▸ What is expected
All of the data should be output character for character, except the pictures.

#### Provided data

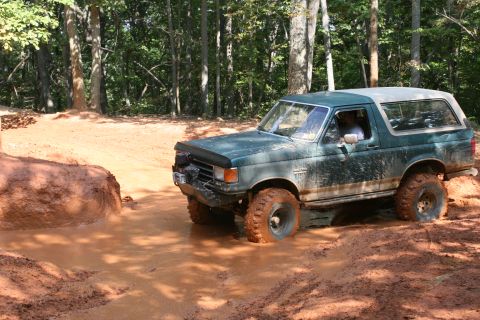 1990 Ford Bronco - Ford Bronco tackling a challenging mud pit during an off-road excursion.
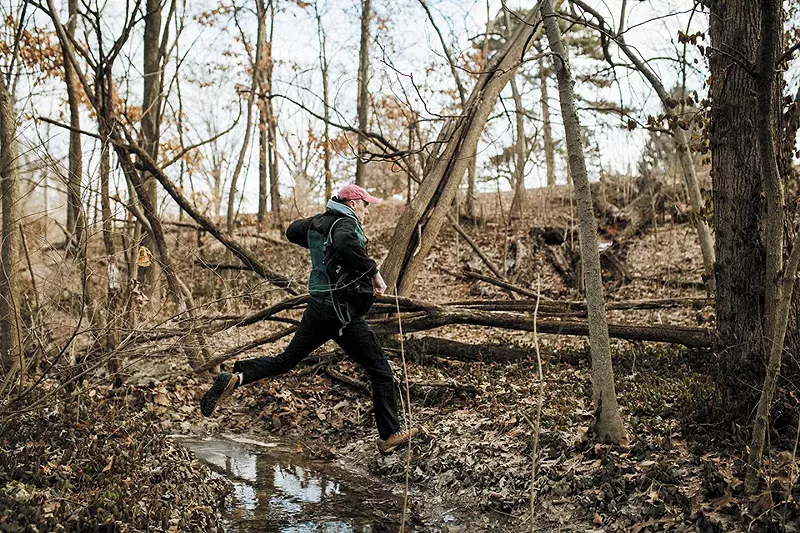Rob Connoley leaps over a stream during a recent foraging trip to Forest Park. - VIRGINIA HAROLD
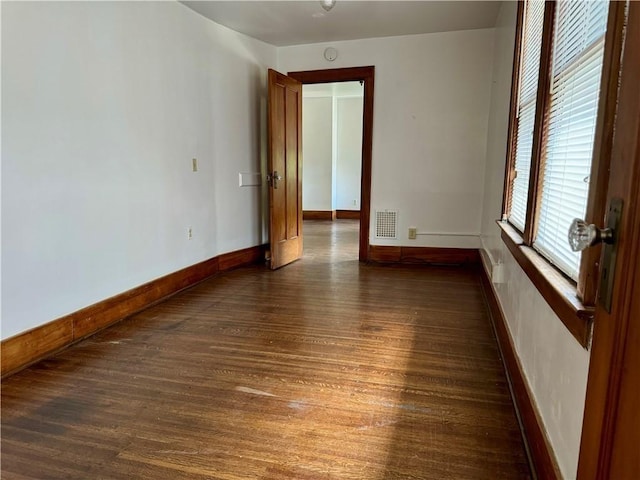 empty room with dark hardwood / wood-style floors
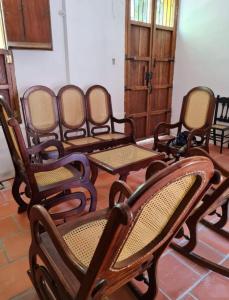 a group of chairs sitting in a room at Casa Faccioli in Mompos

########

▸ Final answer
 1990 Ford Bronco - Ford Bronco tackling a challenging mud pit during an off-road excursion.
Rob Connoley leaps over a stream during a recent foraging trip to Forest Park. - VIRGINIA HAROLD
 empty room with dark hardwood / wood-style floors
 a group of chairs sitting in a room at Casa Faccioli in Mompos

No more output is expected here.